Directions for this task:
In this exercise, the entries below include pictures. Repeat exactly the lines from the line with "Masao of the" to the line with "Bakan Varank'tan Ali", including both, but without the pictures.

Supplied entries:
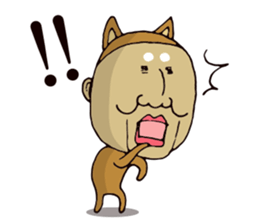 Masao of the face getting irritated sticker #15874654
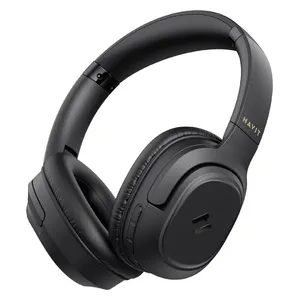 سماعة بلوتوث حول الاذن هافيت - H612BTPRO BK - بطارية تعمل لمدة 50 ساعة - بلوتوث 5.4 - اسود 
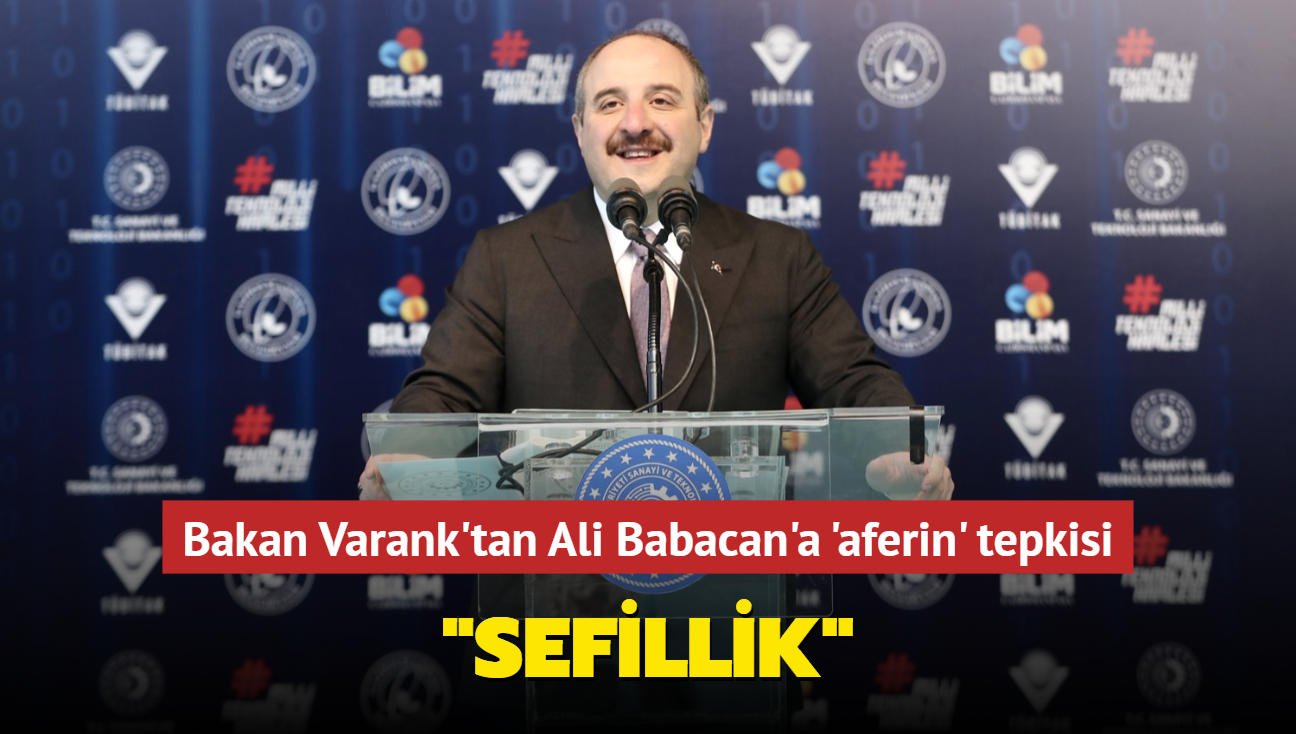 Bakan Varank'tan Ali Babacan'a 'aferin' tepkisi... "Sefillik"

...

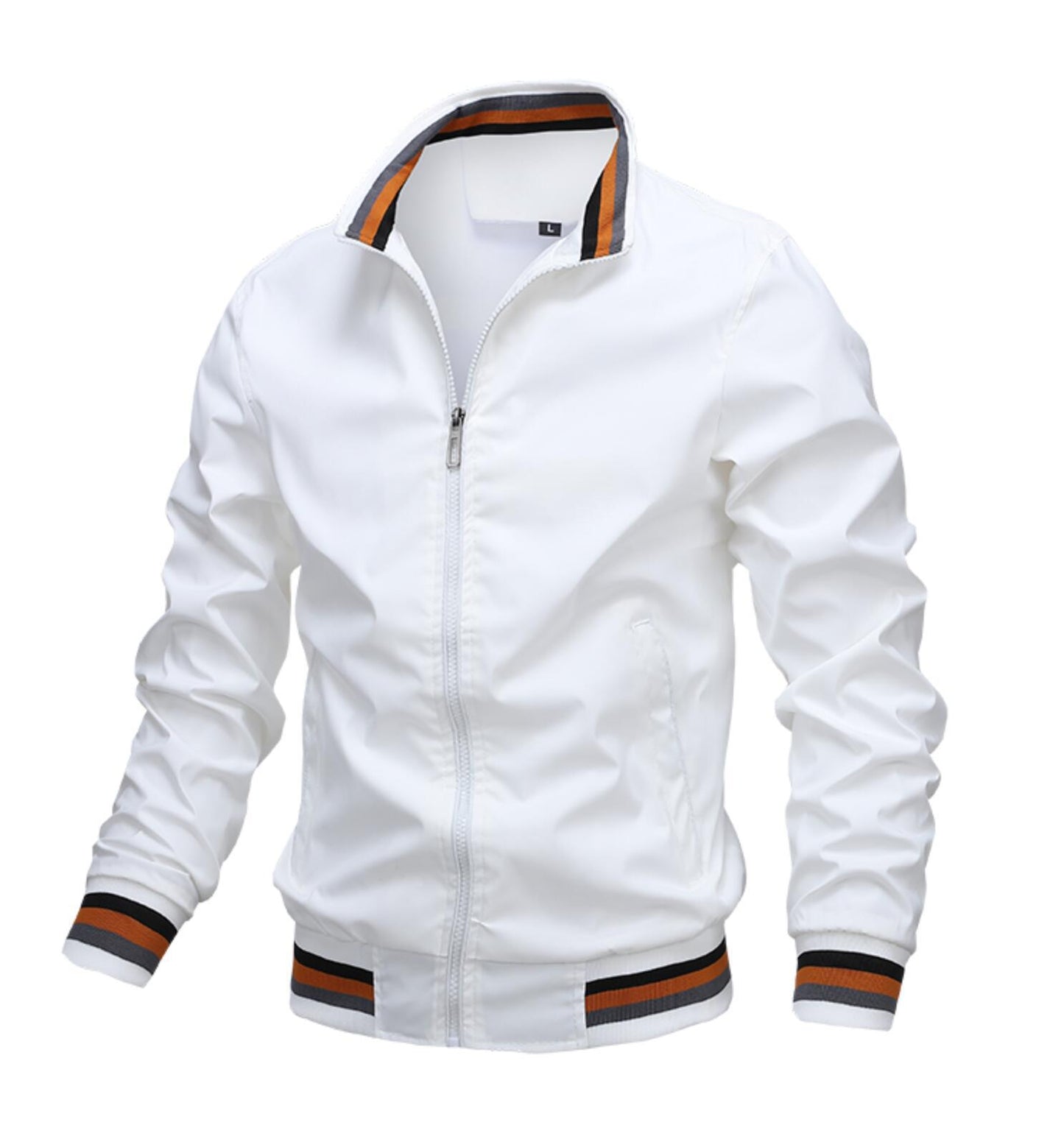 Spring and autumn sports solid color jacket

Finished exercise:
 Masao of the face getting irritated sticker #15874654
 سماعة بلوتوث حول الاذن هافيت - H612BTPRO BK - بطارية تعمل لمدة 50 ساعة - بلوتوث 5.4 - اسود 
 Bakan Varank'tan Ali Babacan'a 'aferin' tepkisi... "Sefillik"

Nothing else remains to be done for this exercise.